Paul Blackburn was convicted of violating the Horse Protection Act through the use of soring, which involves cutting into a horse's hoof to make it walk with an exaggerated gait.
Prosecutions of the act against Blackburn, his co-defendants and an unrelated case in Middle Tennessee were the first in two decades, according to the U.S. attorney's office.
U.S. District Judge Harry "Sandy" Mattice sentenced Blackburn to probation because the crime is a misdemeanor and it is his first criminal conviction. But Mattice noted that Blackburn had previous run-ins with the law and warned him about future choices.
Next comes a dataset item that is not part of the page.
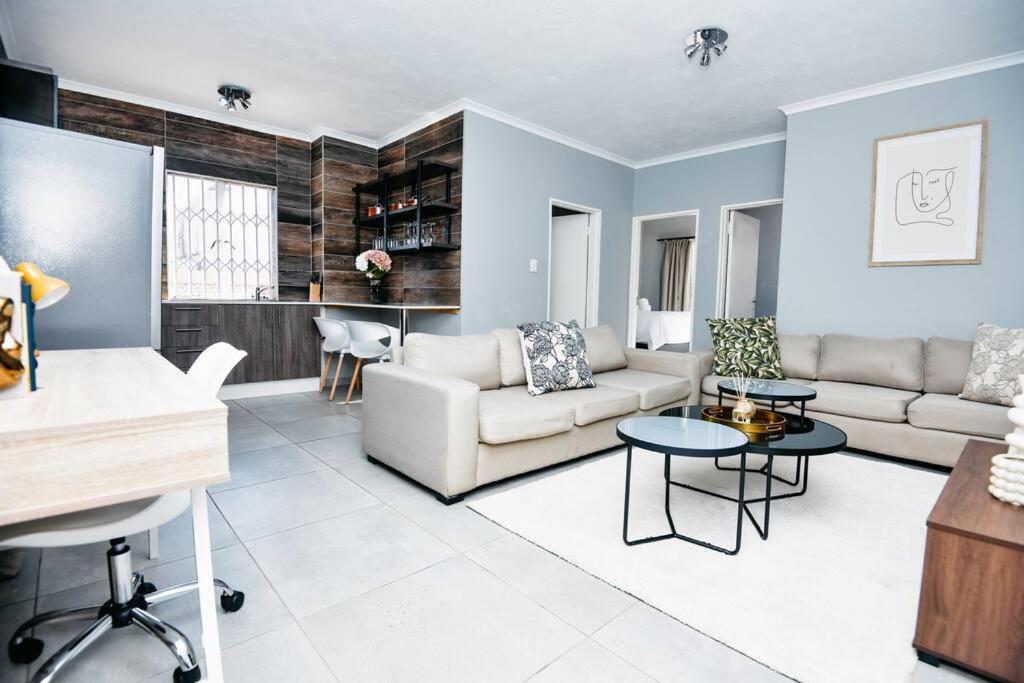 Cosy Hatfield Two Bedroom Apartment by Gautrain, Pretoria (updated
"You don't want to just keep tempting fate," Mattice said. "The second time in federal court is usually very unpleasant."
Mattice told Blackburn he would have to write an article describing the horse soring methods used in the gaited-horse community, the effects of soring and the type of people who commit these crimes.
After the hearing, Blackburn said he was "just at the wrong place at the wrong time" and declined further comment.
In a news release Monday, U.S. Attorney Bill Killian said the crime "is an example of a widespread problem in the equine industry that gives unfair and illegal advantage to some competitors over others, in addition to causing cruelty to the animals."
Co-defendants Barney Davis and Christen Altman are scheduled for sentencing Feb. 27. Each pleaded guilty last fall to similar charges.